The most immediate effect is that it takes the air out of Republican efforts to quash the Russia probe. Trump’s performance in Helsinki, coupled with the details of the indictment, makes it almost impossible to cast the investigation as a waste of time. After the summit, senior GOP leaders came out strongly in favor of allowing Mueller to finish the job, including House Speaker Paul Ryan, who told reporters that “Russia is trying to undermine democracy itself” and said the probe should continue. Tennessee’s Lamar Alexander, the Senate’s No. 3 Republican, said Trump’s performance “makes it even more important” for the Russia probe to continue.

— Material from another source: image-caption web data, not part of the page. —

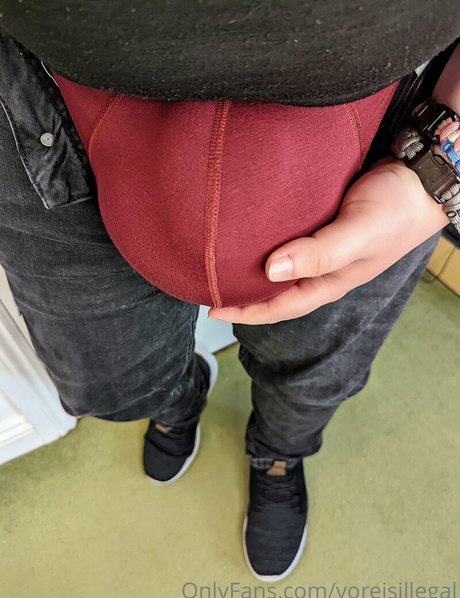 voreisillegal スター ヌード 写真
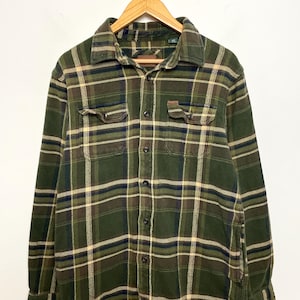 Vintage Orvis Green Plaid Button Up Long Sleeve Flannel Shirt (size adult Medium)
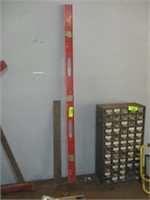 4' level and square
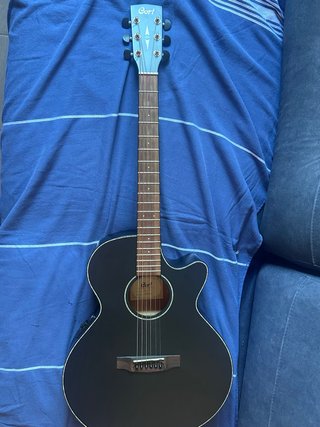Guitarra Electroacústica Cort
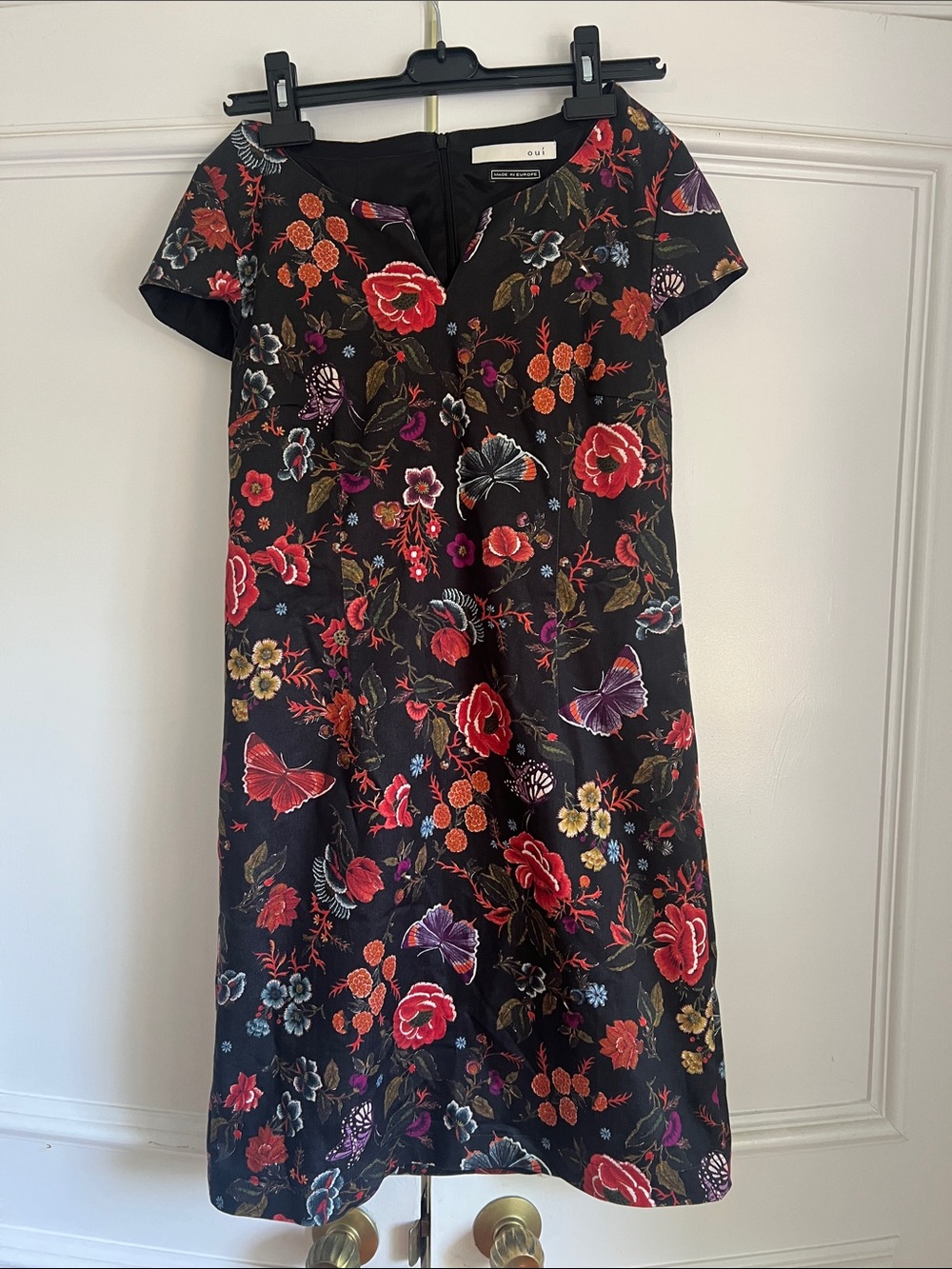 Oui Floral-Patterned Asian style Shift Dress with Red & Pink Blooms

It also lowers the heat on Rosenstein. In the past few months, Trump supporters in Congress have attacked Rosenstein for withholding information they say shows anti-Trump bias in the FBI. Some have pushed for ways to force Rosenstein to end the probe or get rid of him outright. With Attorney General Jeff Sessions recused from the Russia investigation, Rosenstein, the No. 2 Justice Department official, oversees Mueller’s work, including approving his budget and charging decisions. That’s made him a regular target of Trump’s ire and means any attempt to shut down or rein in the Mueller probe has to go through him. While the special counsel has quietly gone about his work, Rosenstein, as the public face of the investigation, takes the heat.